The following day Paul went to see a doctor in the hope he might be advised as to how he should rid himself of his new bane but the doctor referred him to a barber who only referred him back to the doctor saying that the cutting of such hair would mess up his scissors, his floor and make business somewhat risky. So the doctor told Paul he would have to allow the tar to “grow out” of his hair. Paul was not happy to resign himself to this — but gradually he did. My flatmate took to wearing large woolly hats to conceal the mess it seemed had become part of his head.
The weeks passed by and eventually the time came when Paul decided he would like to go away for a holiday. It turned out to be a long while before he was to re-appear.
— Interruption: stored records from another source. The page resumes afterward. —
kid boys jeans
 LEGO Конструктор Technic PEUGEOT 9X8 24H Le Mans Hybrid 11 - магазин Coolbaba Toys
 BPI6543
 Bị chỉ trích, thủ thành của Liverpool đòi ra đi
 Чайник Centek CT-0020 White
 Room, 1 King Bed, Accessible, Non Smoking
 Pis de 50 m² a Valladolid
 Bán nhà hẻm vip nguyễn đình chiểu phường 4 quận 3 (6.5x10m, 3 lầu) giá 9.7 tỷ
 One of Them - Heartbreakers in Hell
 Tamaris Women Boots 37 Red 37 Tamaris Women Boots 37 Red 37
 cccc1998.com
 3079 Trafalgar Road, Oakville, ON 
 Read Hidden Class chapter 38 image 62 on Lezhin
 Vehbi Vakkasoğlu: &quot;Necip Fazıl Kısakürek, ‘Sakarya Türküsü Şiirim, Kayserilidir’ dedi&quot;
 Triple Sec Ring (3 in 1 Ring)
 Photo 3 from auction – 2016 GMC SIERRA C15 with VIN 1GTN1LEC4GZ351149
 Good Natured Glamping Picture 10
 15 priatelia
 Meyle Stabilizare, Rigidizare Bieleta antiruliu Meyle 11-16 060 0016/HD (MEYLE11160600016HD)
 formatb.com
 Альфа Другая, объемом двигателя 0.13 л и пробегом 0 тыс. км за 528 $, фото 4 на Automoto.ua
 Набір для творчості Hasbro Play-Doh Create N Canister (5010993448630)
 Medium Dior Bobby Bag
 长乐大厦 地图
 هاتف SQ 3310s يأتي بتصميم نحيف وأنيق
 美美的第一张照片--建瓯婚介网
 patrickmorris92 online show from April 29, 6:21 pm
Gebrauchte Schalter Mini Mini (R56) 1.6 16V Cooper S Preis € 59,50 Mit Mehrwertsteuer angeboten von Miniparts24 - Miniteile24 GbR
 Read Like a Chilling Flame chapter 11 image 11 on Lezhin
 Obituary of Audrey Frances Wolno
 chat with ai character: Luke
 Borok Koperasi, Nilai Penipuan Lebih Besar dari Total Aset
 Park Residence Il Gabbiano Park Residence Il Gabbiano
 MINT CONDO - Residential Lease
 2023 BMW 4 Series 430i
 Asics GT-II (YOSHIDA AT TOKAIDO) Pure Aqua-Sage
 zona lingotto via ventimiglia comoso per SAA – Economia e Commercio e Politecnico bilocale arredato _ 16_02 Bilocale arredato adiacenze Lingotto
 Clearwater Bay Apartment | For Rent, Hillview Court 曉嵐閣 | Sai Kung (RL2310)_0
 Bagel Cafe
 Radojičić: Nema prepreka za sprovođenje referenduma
Paul came back one Saturday morning in September; during the twelve weeks that he had been gone I continued to live in London, going about my normal business. The roof over the flat was still leaking and the general condition of things inside carried on into decline, also I found that I was missing Paul’s company.
This particular morning I was sitting at my desk trying hard to do some work when the floor boards outside the room made a familiar creaking noise, suggesting someone was standing on them, I wondered who it could be. Not Cyril, the ageing landlord — he was out. An intruder perhaps? For a moment I was afraid and considered preparing for the worst, so quickly took hold of my knife, but then …………. the door opened and in stepped Paul! I supposed it was him, for it looked like a real weirdo had come into our flat. His hair was everywhere. It was really long. It was mad, a voice from under the hair said:-
then I knew it was Paul, yet the hair still looked mad, so I said to him:-
“Your hair looks really mad.” to which he replied:-
“Yeah, really mad.” then I knew he was “O.K.” and after that we lived happily ever after.